(CNN) -- The surviving Boston bombing suspect has become less talkative since authorities read him his Miranda rights before charging him with the use of a weapon of mass destruction. They also moved him from a private to a prison hospital.
But the information Dzhokhar Tsarnaev, 19, gave investigators in two sessions of questioning spanning three days has produced good leads, a U.S. law enforcement official said.
Investigators spent Friday combing a dump in New Bedford, Massachusetts, for his laptop and other clues that could shed light on the suspects behind the bloody attack, a law enforcement official with knowledge of the investigation said.
Tsarnaev led authorities to look there, the source said, and others who may have knowledge of the computer's whereabouts or may have played a role in disposing it also provided leads that prompted the search.
Suspect in detainee hospital
Dzhokhar Tsarnaev moved Friday from Boston's Beth Israel Deaconess Medical Center, where he had been held since his capture a week ago, to a federal inmate medical center 40 miles away.
Beth Israel treated some of the more than 260 people injured in the Boston Marathon attack allegedly carried out by Dzhokhar and Tamerlan Tsarnaev. Some 30 of them remained hospitalized Friday, including one in critical condition, according to a CNN tally.
The Federal Medical Center in Devens, Massachusetts is on the grounds of a former military base and is designed for detainees requiring ongoing medical care.
Dzhokhar Tsarnaev had what appeared to be gunshot wounds to his head, neck, legs and hand when he was captured April 19 after a nearly 24-hour manhunt, according to the criminal complaint accusing him in the marathon blasts. His 26-year-old brother died after a gunfight hours earlier.
Family in Russia
Their mother, Zubeidat Tsarnaev, said Friday that she and her husband had left their home in Dagestan for another part of Russia.
The brothers' father, Anzor Tsarnaev, had said he'd planned to travel to the United States. But that trip has been delayed indefinitely for health reasons.
The mother will not be flying to the United States, where she is wanted on felony charges of shoplifting and destruction of property.
The family lived in Massachusetts before Zubeidat Tsarnaev jumped bail after her arrest on the charges in 2012. The parents moved to Dagestan, a semiautonomous republic in southern Russia that year.
Russian authorities twice raised concerns in 2011 to U.S. authorities about the mother and her older son, sources said.
U.S. authorities added both their names to the Terrorist Identities Datamart Environment, or TIDE, database, which includes half a million names.
Zubeidat Tsarnaev has denied the reality of the bombing. She believes it was fake. She said she has seen a video pushing the wild idea, and that there was no blood, that paint was used instead.
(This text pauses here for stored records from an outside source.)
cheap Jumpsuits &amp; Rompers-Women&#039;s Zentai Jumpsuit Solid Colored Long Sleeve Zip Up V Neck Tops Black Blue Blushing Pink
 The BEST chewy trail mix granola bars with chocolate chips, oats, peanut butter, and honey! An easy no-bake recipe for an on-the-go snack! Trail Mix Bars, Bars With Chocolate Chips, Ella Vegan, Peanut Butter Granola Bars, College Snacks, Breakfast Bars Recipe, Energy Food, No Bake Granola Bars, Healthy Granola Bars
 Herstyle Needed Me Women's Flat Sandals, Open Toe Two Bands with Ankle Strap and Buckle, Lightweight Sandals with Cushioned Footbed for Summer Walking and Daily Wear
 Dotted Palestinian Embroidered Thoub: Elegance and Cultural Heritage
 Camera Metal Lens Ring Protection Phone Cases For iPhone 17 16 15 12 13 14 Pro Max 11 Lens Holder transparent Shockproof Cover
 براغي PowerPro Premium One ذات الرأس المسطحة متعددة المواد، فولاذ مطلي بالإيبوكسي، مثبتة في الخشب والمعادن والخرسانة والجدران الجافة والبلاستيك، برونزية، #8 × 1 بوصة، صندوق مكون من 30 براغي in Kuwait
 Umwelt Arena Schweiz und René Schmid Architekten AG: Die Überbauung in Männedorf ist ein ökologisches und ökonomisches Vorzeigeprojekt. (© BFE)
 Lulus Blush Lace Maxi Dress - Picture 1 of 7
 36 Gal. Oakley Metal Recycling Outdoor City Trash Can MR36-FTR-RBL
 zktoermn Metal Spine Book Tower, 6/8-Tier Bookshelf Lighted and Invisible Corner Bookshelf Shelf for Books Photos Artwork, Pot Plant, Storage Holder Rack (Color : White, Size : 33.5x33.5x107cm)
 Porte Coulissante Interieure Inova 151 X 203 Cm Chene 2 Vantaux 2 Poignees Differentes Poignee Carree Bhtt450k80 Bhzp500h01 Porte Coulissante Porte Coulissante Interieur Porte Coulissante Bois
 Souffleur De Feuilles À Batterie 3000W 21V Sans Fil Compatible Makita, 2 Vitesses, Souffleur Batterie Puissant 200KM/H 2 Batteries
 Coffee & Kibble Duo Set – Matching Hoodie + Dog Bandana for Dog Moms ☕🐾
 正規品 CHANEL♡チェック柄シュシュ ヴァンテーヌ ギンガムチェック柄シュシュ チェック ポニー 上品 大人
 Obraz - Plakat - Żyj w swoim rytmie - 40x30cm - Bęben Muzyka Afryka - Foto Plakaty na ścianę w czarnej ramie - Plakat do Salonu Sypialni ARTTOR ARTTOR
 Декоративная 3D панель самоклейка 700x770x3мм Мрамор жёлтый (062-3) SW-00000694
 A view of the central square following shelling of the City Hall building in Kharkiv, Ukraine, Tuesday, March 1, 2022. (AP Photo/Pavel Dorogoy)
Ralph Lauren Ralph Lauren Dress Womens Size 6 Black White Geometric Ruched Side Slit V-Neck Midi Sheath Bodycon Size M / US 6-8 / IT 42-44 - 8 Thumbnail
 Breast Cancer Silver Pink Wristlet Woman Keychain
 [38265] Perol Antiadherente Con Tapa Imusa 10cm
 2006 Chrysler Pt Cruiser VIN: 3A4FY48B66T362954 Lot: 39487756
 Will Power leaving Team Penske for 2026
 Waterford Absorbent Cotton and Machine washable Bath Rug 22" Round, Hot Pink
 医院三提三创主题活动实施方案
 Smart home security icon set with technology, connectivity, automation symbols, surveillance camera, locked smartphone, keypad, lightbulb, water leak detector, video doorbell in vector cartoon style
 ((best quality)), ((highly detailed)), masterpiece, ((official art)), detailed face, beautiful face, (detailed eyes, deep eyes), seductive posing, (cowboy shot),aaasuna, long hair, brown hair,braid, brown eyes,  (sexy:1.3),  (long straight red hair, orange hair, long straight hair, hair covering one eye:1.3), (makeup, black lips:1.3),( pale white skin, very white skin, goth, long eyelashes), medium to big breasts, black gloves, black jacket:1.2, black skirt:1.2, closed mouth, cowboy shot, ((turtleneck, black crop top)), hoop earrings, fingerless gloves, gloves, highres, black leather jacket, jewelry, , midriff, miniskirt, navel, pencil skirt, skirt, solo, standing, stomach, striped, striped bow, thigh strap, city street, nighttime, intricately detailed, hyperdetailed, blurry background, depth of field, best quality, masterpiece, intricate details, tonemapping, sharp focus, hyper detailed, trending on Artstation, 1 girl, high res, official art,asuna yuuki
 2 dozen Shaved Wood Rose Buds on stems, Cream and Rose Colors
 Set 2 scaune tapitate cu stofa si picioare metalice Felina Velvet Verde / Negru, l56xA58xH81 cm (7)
While insisting Russian and U.S. authorities often work together, Russian President Vladimir Putin has said that he wished U.S. authorities could have done more to prevent the Boston attack.
But he also lashed out against those in the West who have slammed Russia for human rights abuses in its actions toward Chechnya, the Tsarnaevs' original war-torn homeland.
Report: carjacking ordeal
Three days after that attack, and hours after authorities released images of the two suspects, they spontaneously decided to go to New York's Times Square to blow up their six remaining explosives, Dzhokhar Tsarnaev told investigators.
But a botched carjacking spoiled the impromptu road trip, said Tsarnaev, whose account was outlined by New York's police commissioner.
Before forcing their way into the vehicle the night of April 18, the brothers shot dead a campus police officer at the Massachusetts Institute of Technology, police said.
The hijacked vehicle, a Mercedes SUV, ran low on fuel, and they stopped at a service station, where the vehicle's owner escaped. Shortly thereafter, police picked up the trail of the SUV and pursued it. Authorities say the men threw bombs out the vehicle's window at them. The gun battle and Tamerlan Tsarnaev's death followed.
In a Boston Globe story, the man who was carjacked -- a 26-year-old entrepreneur identified only as Danny -- described his 90-minute ordeal that began, when a man brandishing a silver handgun got into his Mercedes.
Danny told the Globe, the gun-wielding man confessed to pulling off the Boston bombing and to killing a police officer in Cambridge, Massachusetts, where MIT's campus is located. They stopped to pick up a second man, presumably the other brother.
The carjackers openly discussed traveling to New York, before Danny was able to run to safety inside a the gas station, where they stopped to refuel.
"He fell down, screaming, 'Please, please call ... the police. They want to kill me. They have a gun, they have a bomb,''" Tarek Ahmed, the clerk working in the station, told CNN's Piers Morgan.
"I was waiting (for) someone to shoot me at this
moment," Ahmed said, adding he couldn't see outside from where he called.
Within five minutes, the gas station was teeming with police, who quickly took up pursuit of the stolen SUV.
CNN's Ashleigh Banfield, Drew Griffin, Dave Alsup, Carol Cratty, Brian Todd and Barbara Starr contributed to this report.